Brief - Type out the complete listing below word for word, without its pictures.

Provided material -
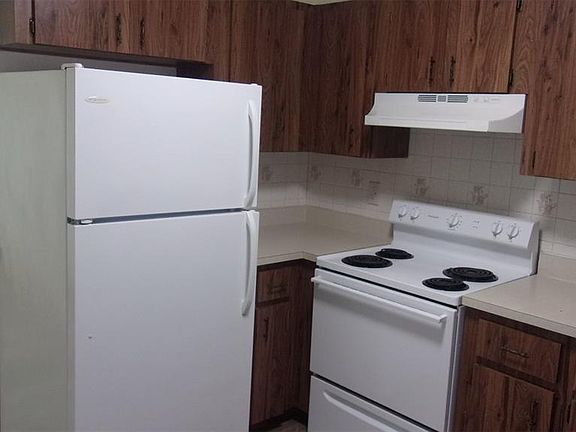 4th image of 10081 SW 97th Ct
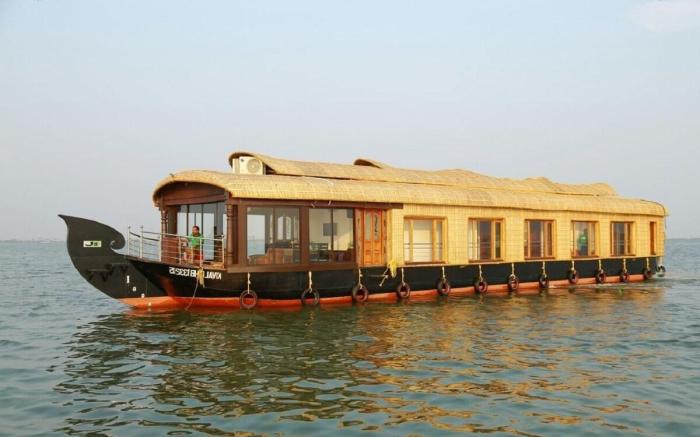 5 Bedroom A/c Private Houseboat With All Meals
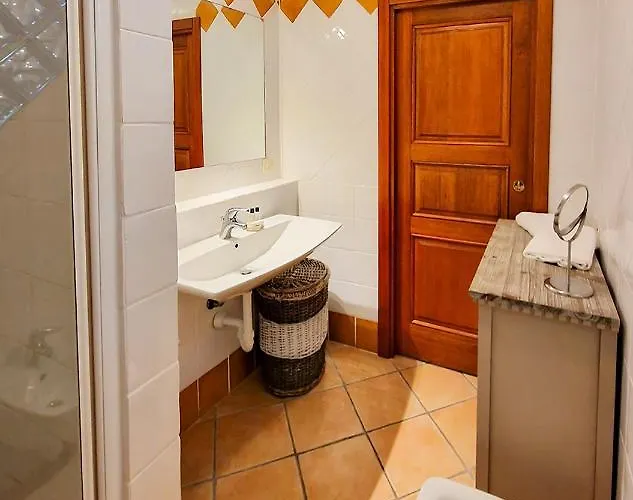 - Residenza Baro Apartman *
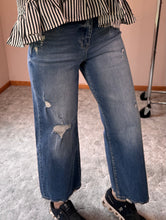 Load image into Gallery viewer, Wide Leg Cropped Petra Jeans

Exercise answer -
 4th image of 10081 SW 97th Ct
 5 Bedroom A/c Private Houseboat With All Meals
 - Residenza Baro Apartman *
 Load image into Gallery viewer, Wide Leg Cropped Petra Jeans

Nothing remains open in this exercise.